Duke spurred on by visions of Greensboro upset loss to Lehigh
The mantra from college basketball coaches to their players when postseason arrives is to play the current game and not think about the next.
Thinking too far ahead can cost you.
Duke returns to an arena tonight where that message was driven home the hard way.
Last March, at the Greensboro Coliseum, the Blue Devils suffered a rare NCAA Tournament embarrassment in their otherwise sterling postseason basketball history. No. 15 seed Lehigh took down Duke, a No. 2 seed, 75-70 to end the Blue Devils’ season abruptly.
Throughout last offseason and in the early stages of this current campaign, Duke coach Mike Krzyzewski reminded the players of that defeat often. It was a rallying point.
As Duke returns to Greensboro for its ACC Tournament quarterfinal today (7 p.m., WRAL), the players know first hand what can happen by not focusing on each and every game.

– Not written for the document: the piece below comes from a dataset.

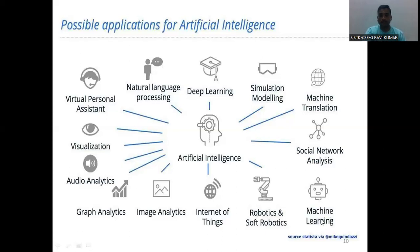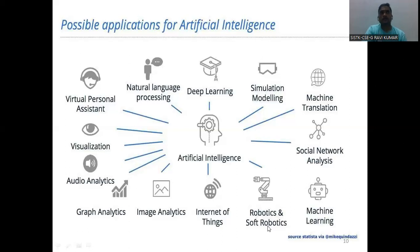Next is machine learning. By integrating machine learning and AI, we can do miracles. Next is robotics and soft robotics. So many countries have already implemented robotics. Especially some countries have implemented robots in place of human soldiers. Also, some restaurants are using robots to serve customers. These are some domains and areas where AI intelligence is utilized.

“Last year we weren’t focused at this time of year,” Duke junior guard Tyler Thornton said. “It showed in how we played and how we handled the situations that we were in. This year it’s a totally different mentality. A lot of the guys who are on the team this year went through that last year. Just throughout the year the mindset and approach to our team has been a lot different and been very positive.”
Duke begins ACC Tournament play in a similar position to last year in that the Blue Devils (27-4) are the No. 2 seed. But Duke’s situation is far different.
The Blue Devils lost Ryan Kelly to a right foot injury in practice between the end of the regular season and the start of the ACC Tournament. Without their 6-10 forward, the Blue Devils went 1-2 in the postseason, losing to Florida State in the ACC Tournament semifinals at Atlanta prior to the Lehigh loss six days later.
“We were scrambling to find an identity going into the ACC Tournament and then the NCAA Tournament,” Duke senior center Mason Plumlee said, looking back a year.
This year, Kelly dealt with an injury to the same foot. But after sitting out seven weeks and 13 games, he returned for the final three regular season games. Duke won them all and is 18-0 this season in games in which Kelly has played.
“We have a lot of guys playing at a high level,” Plumlee said. “It’s exciting.”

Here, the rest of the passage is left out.